Ultra orthodox Jews block a road and clash with police during a protest against the drafting of Ultra orthodox jews to the Israeli army, on road number 4, outside the city of Bnei Brak, April 1, 2024. Photo by Chaim Goldberg/Flash90

Donald Trump on his Truth Social media page is selling Bibles. At least he announced he was doing so just prior to the Easter observance last week.

President Joe Biden stepped into a real religious mess when he offended Christians around the country by observing “Transgender Visibility Day” while most of the country was observing Good Friday and Easter.

The Biden spokesperson said that March 31 is always Transgender Day and it just so happened to coincide with Easter this year. That Transgender Day could have been moved to defer to Easter is an obvious given, but it would have no doubt annoyed the extreme left wing of the Democratic Party that Joe Biden desperately needs to vote for him in November.

In his proclamation, Biden said that all people are created perfectly and in the image of G-d. Judge Jeanine Pirro said on Fox News that if the president truly believed that all people are created perfectly, why do most of the transgenders feel the need for corrective surgery?

There are numerous criteria one can utilize to determine the nature of a leader’s—in this case the President’s—commitment to religious values.

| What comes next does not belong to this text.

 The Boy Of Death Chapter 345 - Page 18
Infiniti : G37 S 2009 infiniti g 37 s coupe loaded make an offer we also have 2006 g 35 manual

Whether the leader is a Christian and attends church regularly, or whether they are Jewish and attend synagogue can be the primary means of judging their belief system. It is difficult if not impossible to see into their hearts and minds.

However, the optics we see in the media might be even more deceptive than we realize, and a highly misleading means of drawing conclusions along those lines.

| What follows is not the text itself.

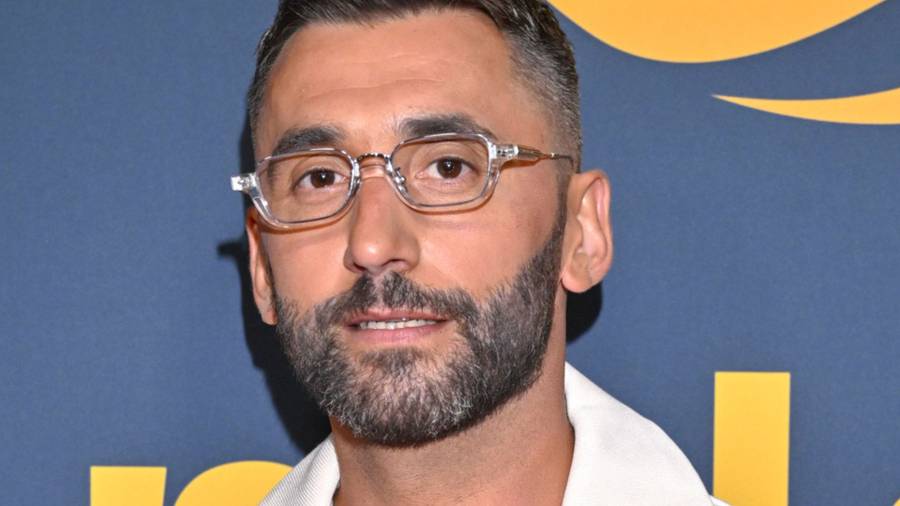 Rafał Maserak fot. AKPA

Here are some recent examples of how we may better draw those conclusions.

For Muslims, Ramadan has come and gone rather quickly. At the outset, we heard talk about the need for Israel and the Hamas terrorists to come to a quick ceasefire agreement and a deal to release the hostages because of the need for the terrorists to properly observe Ramadan by ushering in a period of peace.

That idea was quickly dismissed by experts in Israel who illustrated that historically Muslims, which includes Arabs and Persians, have always increased their terror attacks rather than reduce them during Ramadan. The Yom Kippur War started on what was the first day of Ramadan in 1973. So much for Ramadan and peace.

In all likelihood, most Muslims observe the entire month of Ramadan seriously. But the terror-oriented leadership of places like Tehran, Istanbul, and the Gaza Strip use this holy period on their calendar to inflict pain on others, both Muslims and non-Muslims alike.

Then there was the matter of the late Senator Joseph Lieberman, who passed away last week at the age of 82. The Senator was widely known for his commitment to halachically religious observance and that reality was highlighted when he ran as Al Gore’s vice-presidential candidate in the 2000 election.

Lieberman was known for his uncompromising commitment to keeping Shabbos and kashrut properly. He would walk as much as five miles on a Shabbos to the Capitol in Washington, D.C. if his presence there was absolutely necessary. The late Senator John McCain of Arizona would observe how Lieberman used to climb numerous staircases in hotels rather than use the elevator on a Shabbos.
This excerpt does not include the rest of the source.